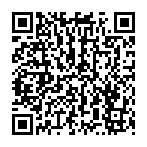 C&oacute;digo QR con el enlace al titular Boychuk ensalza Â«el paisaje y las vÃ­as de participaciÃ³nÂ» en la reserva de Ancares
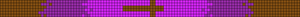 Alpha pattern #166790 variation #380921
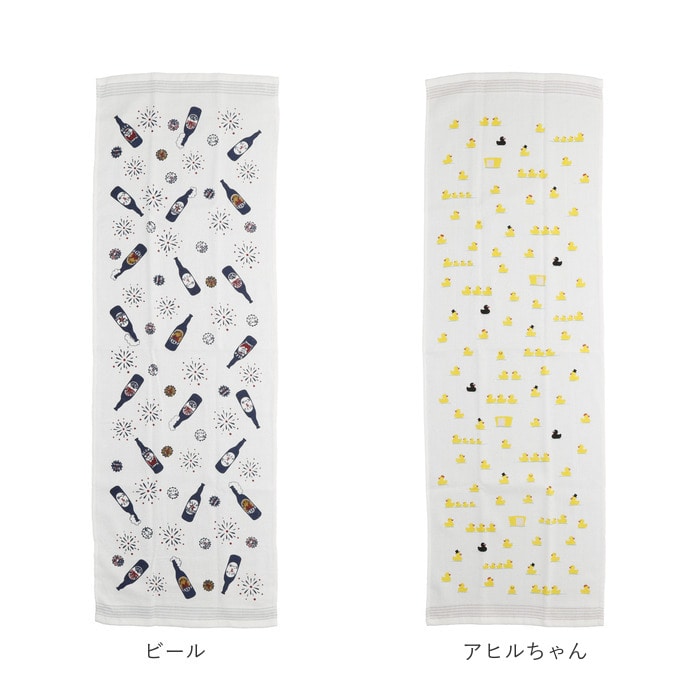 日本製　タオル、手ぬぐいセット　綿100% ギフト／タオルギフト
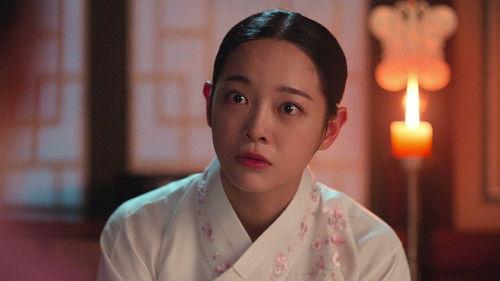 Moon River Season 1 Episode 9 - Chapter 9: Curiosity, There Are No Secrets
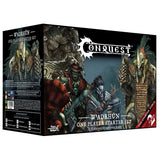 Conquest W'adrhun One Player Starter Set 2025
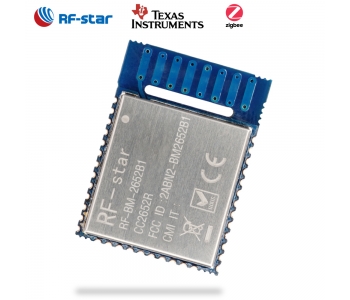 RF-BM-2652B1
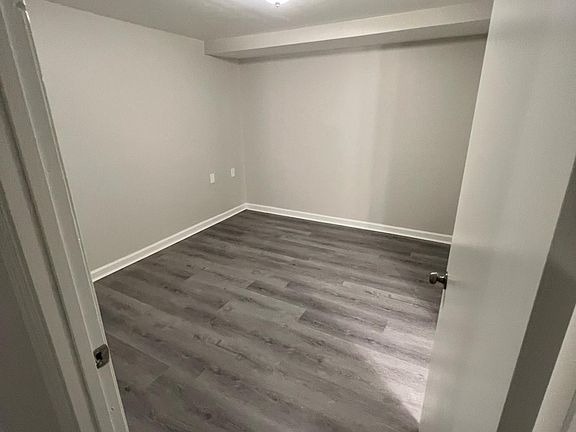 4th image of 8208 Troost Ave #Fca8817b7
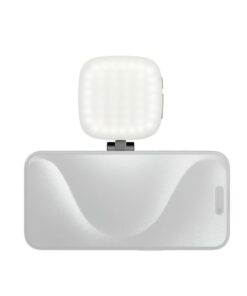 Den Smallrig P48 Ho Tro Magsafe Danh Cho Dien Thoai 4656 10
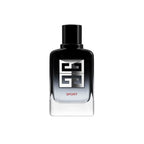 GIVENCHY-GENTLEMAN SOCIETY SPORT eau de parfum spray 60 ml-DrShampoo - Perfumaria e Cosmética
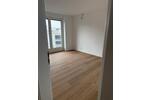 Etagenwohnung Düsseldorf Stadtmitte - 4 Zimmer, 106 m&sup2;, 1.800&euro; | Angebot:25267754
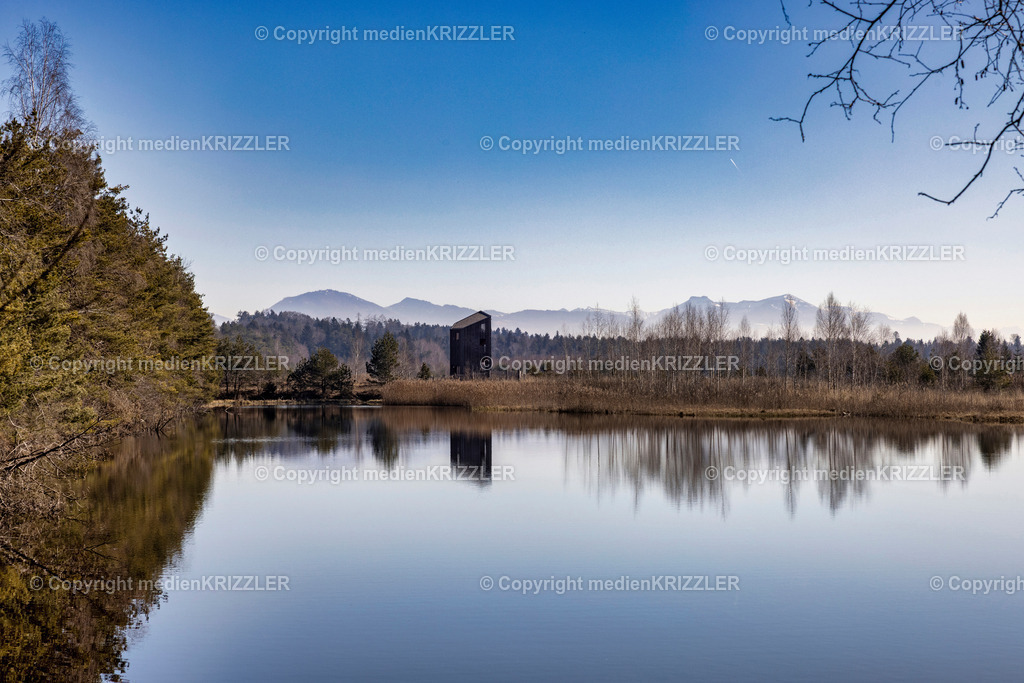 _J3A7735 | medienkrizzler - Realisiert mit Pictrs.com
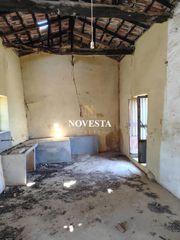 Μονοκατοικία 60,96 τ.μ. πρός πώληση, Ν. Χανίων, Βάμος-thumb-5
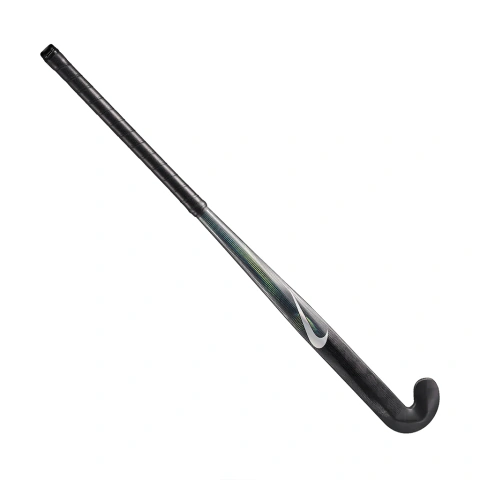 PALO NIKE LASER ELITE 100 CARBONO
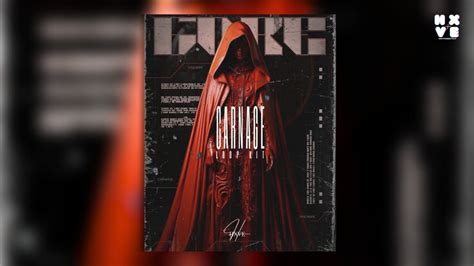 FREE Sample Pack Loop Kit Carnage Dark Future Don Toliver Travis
...
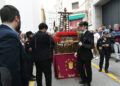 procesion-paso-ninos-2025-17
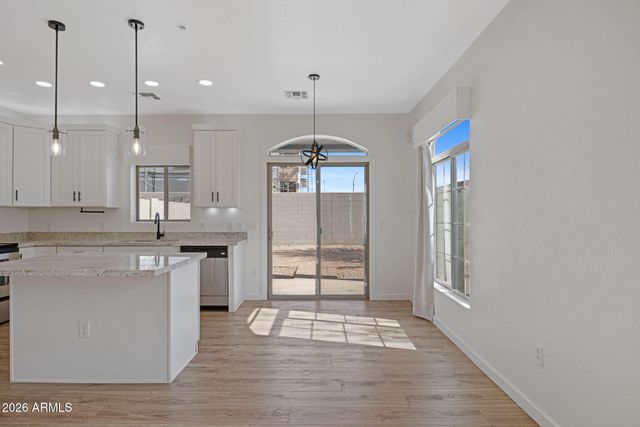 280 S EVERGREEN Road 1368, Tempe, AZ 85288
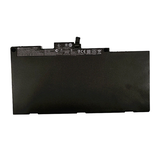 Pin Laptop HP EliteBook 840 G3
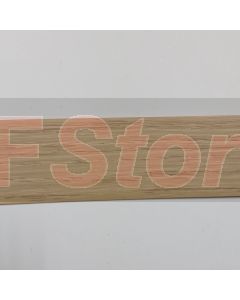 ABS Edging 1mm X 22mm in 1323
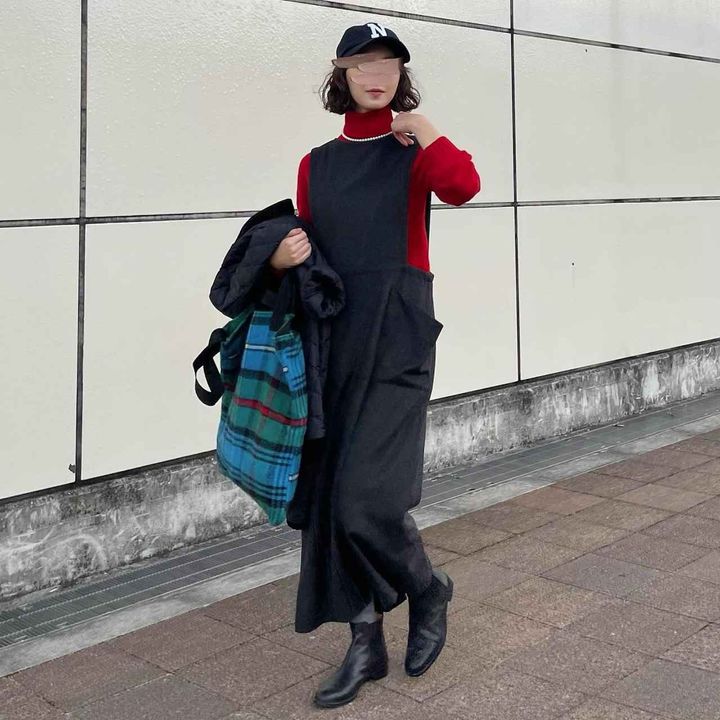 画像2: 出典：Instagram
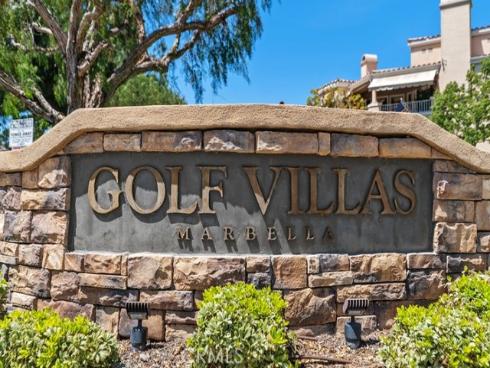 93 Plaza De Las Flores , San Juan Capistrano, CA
---
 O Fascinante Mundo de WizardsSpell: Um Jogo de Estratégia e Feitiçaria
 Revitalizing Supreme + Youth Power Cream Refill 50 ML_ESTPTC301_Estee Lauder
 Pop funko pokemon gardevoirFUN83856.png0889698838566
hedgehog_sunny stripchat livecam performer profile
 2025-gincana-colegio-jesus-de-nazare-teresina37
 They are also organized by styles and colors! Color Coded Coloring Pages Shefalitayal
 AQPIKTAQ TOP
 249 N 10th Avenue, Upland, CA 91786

**Exercise directions**
Whatever else the listing above holds, retype exactly only the lines from the one containing "2025-gincana-colegio-jesus-de-nazare-teresina37" to the one containing "249 N 10th Avenue, Upland, CA 91786", both ends kept.

**Response box**
 2025-gincana-colegio-jesus-de-nazare-teresina37
 They are also organized by styles and colors! Color Coded Coloring Pages Shefalitayal
 AQPIKTAQ TOP
 249 N 10th Avenue, Upland, CA 91786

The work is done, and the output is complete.